In der alten Schönhauser Straße hatte ein guter Freund jahrelang eine riesige Wohnung. Außer ihm wohnten dort nur noch die Ratten und ein paar Autowracks im Hof. Interessanterweise benutzte er von dieser Wohnung nur das Klo mit Dusche und einen 4 qm-Abschnitt im Wohnzimmer, dort stand sein Hochbett und darunter war ein Sofa mit Fernseher und Videorecorder. Ich erinnere mich an so manche Hollwoodfilmanalysenacht.
Später zog er in die Rosa-Luxemburg/Ecke Memhardt-Straße.
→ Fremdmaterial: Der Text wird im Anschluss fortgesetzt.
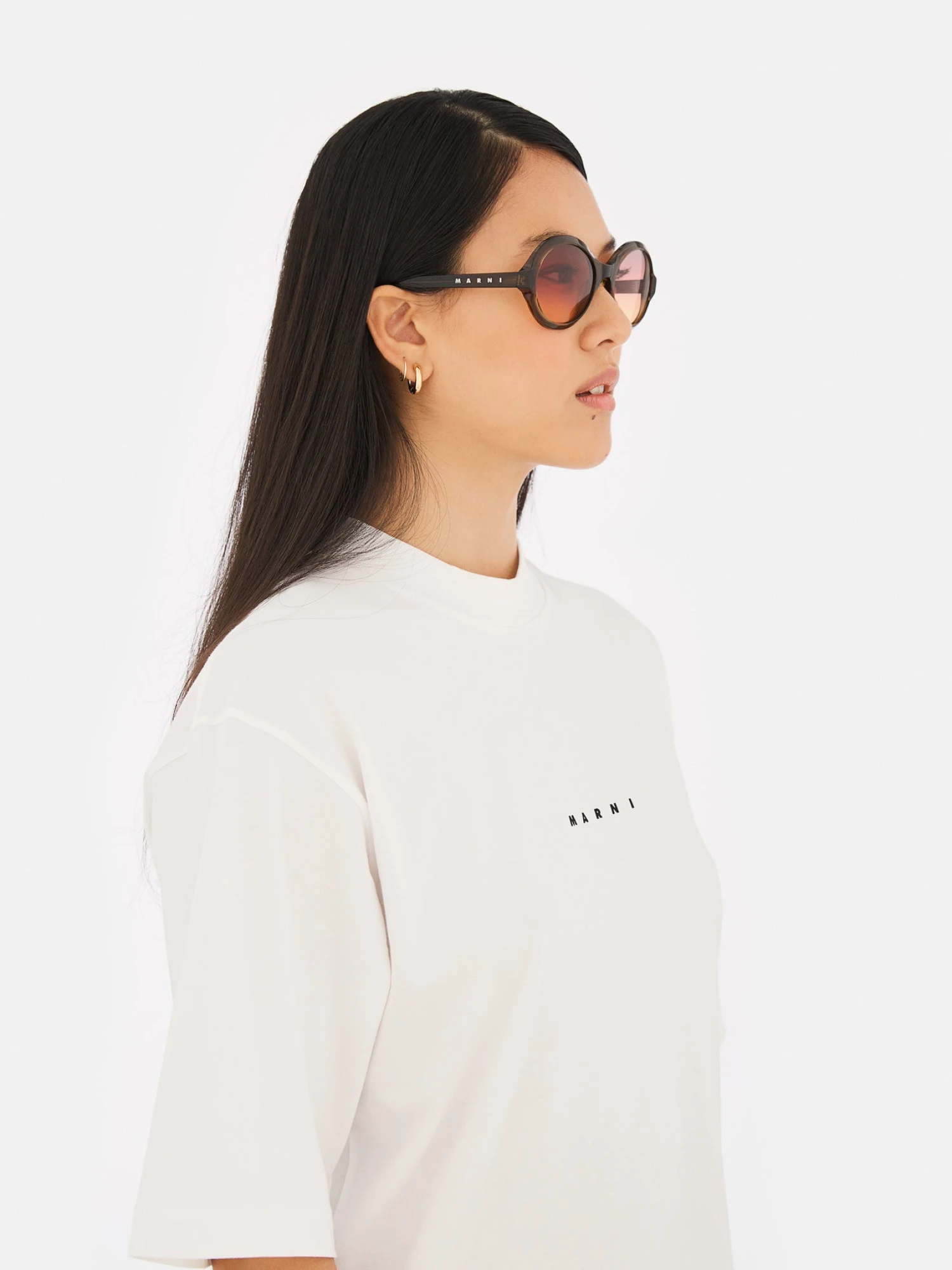Очки MARNI Nozea Brown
Das waren dann Kinofilmrohschnitte mit verdammt gutem Whisky – der Mann hatte sich beruflich weiterentwickelt.
Der Alexanderplatz, das waren die Weltfestspiele 1973. Mein Bruder und ich saßen stundenlang in der Sonne an irgendeinem Brunnen, um uns herum ein Riesentrubel und die Eltern waren im Blauhemd als politische Agitatoren unterwegs.
Die andere Seite des Alexanderplatzes: Der Dachgarten der Stadtkommandantur, das Feuerwerk zum Ende der Weltfestspiele. Die Unterhaltungen dre Erwachsenen: Ulbricht liegt seit ein paar Tagen im Sterben. Er wollte nicht, daß das Fest gestört wird, deshalb steht es nicht in der Zeitung.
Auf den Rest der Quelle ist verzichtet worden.